As for his side of it - he says the whole time he was driving to meet her and even sitting at the table he was thinking "what the [email protected]&$ are you doing here? You're married, you have a beautiful wife and two kids at home" and he said at that moment he knew he never would have been able to go thru with it....whether that's the truth I guess I'll never know...

But I guess I could be doing the same, or anyone could, and we'd never know...I'm left with the choice of I trust him NOW or not. He knows if I find out more, I'm gone. He's had the chance to tell me EVERYTHING so I could get over it all at once...


I can tell he feels shame and regret. The details are embarrassing and he's offering them to me on a silver platter. He's synced our phones so I can receive every text message he sends and recovers, I can see his location at all times and his websites he's on. He really seems to be trying to be transparent. 

I realize he could have another phone or something....I brought that up during counseling. My counselor said I couldn't see the forest thru the trees....he said my husband is making a huge gesture and I have to decide to accept it or not. But if I don't want to accept it then we are wasting our time a money. If I'm not willing to try and trust again at some point than the marriage can not be saved. 

I don't think he was trying to fulfill a EA online...i think maybe he did get consumed by all this. Since finding out, I've been consumed with sights like this...I tell myself "I'll read just one more story" and an hour later....he said that's exactly what happened with him on CL. And after a day or two he'd tell him "this is wrong! No more!" And he's stop for a few days or weeks...and then I'd be busy with the baby or we'd have a fight and he'd do it again  

I'm not stupid, I know he could be lying still...but for the first 12.5 years of our relationship he was a good man. He said he will do anything to get back to being that man for me...I really hope we are the small percentage that can survive this
_Posted via Mobile Device_


----------



## AFamOf4 (Aug 2, 2015)

To the rest of you offering comfort and support a thank you a million times over!!!!!! It feels so good to hear from others who understand what I'm going thru! 

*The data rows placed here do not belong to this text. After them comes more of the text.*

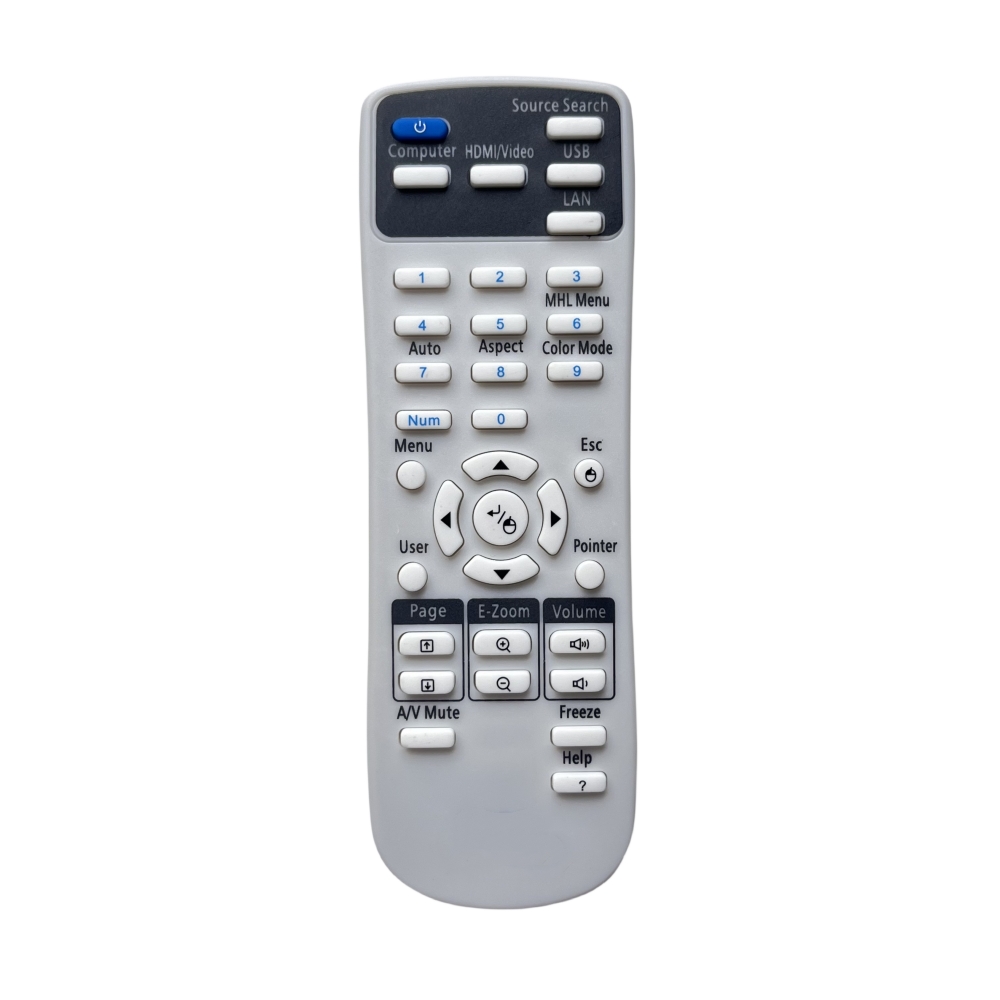 New remote control fit for Eps - Home Cinema Epson 2150 评论和价格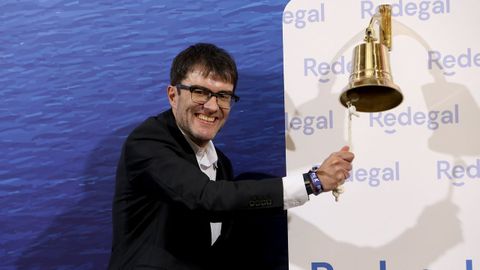 Jorge V�zquez, de Redegal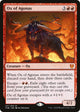 [Foil] Ox of Agonas (147) (Theros Beyond Death)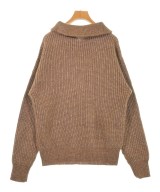 SHENERY（シーナリー）ニット・セーター 茶 サイズ:F レディース/2200613123112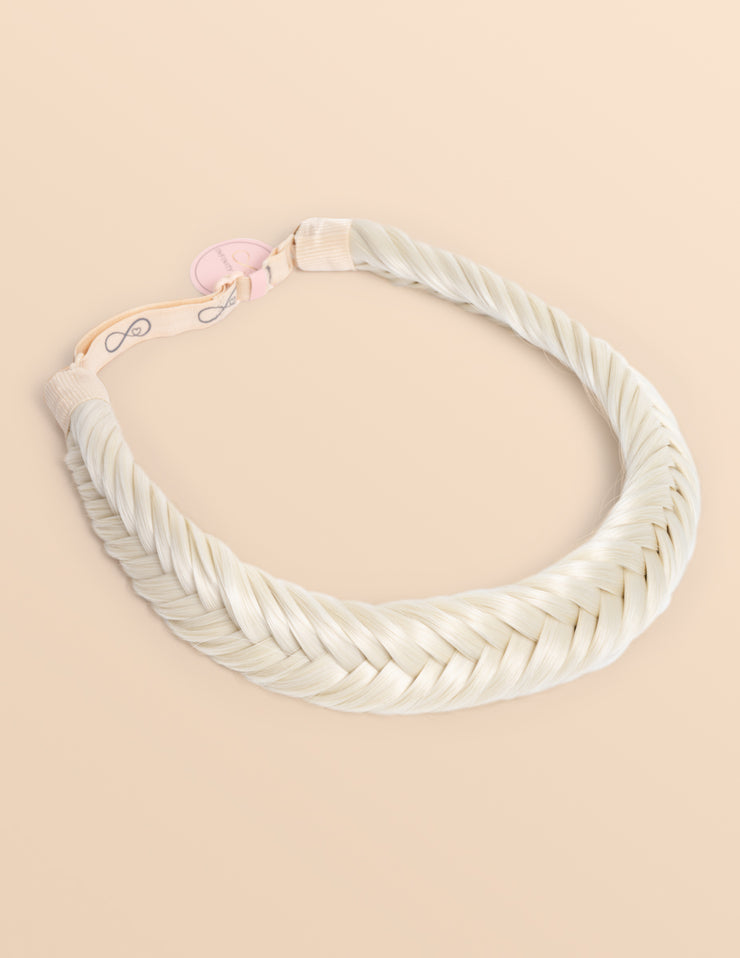 Infinity Braids® - Jolie - Diamond Frost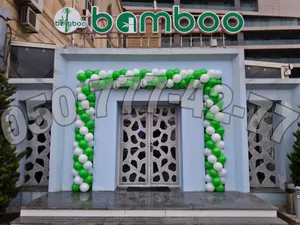 Açılış tədbirləri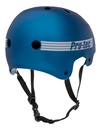 Skateboard helmet Pro-tec Old School Cert Matte Metallic Blue 2022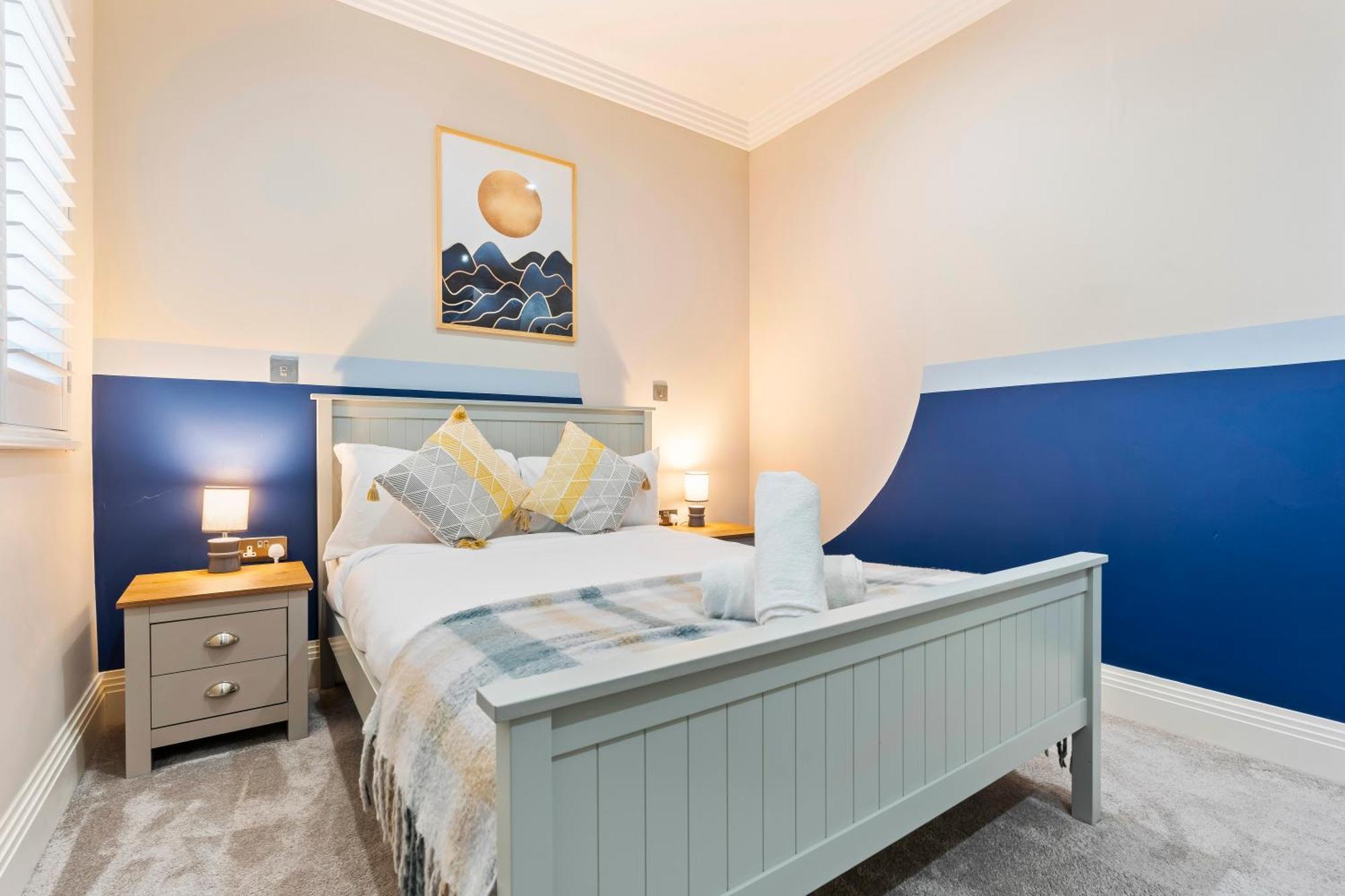 Holiday home Luxurious 3 Bed Townhouse Bham Centre *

I love the comparison of doing a puzzle without all the pieces. He's answering every single question I have, but because I wasn't in his head the whole time, it's hard to know where the gaps are or what's missing, Ya know?

I would never judge our friend selfie what they've been thru, but I'd be lying if I said it wasn't awkward to be around them in the roles were reversed. Our husbands all play on a baseball team together and the wives and kids go every Friday night to watch the games. It's simple, but it was something we always looked forward to every week. Last Friday was the first night I went since finding out - it was so very awkward, but no one brought it up so that was good. Our kids soccer team will start practicing soon so I will be seeing them 2 nights a week plus Saturday games, so I'm hoping with time it will get less awkward...

I think he really did see just how much he had to lose. Can the wandering spouse be In a fog while they are doing it and really not anticipate the consequences?? Or am I just wishful thinking? 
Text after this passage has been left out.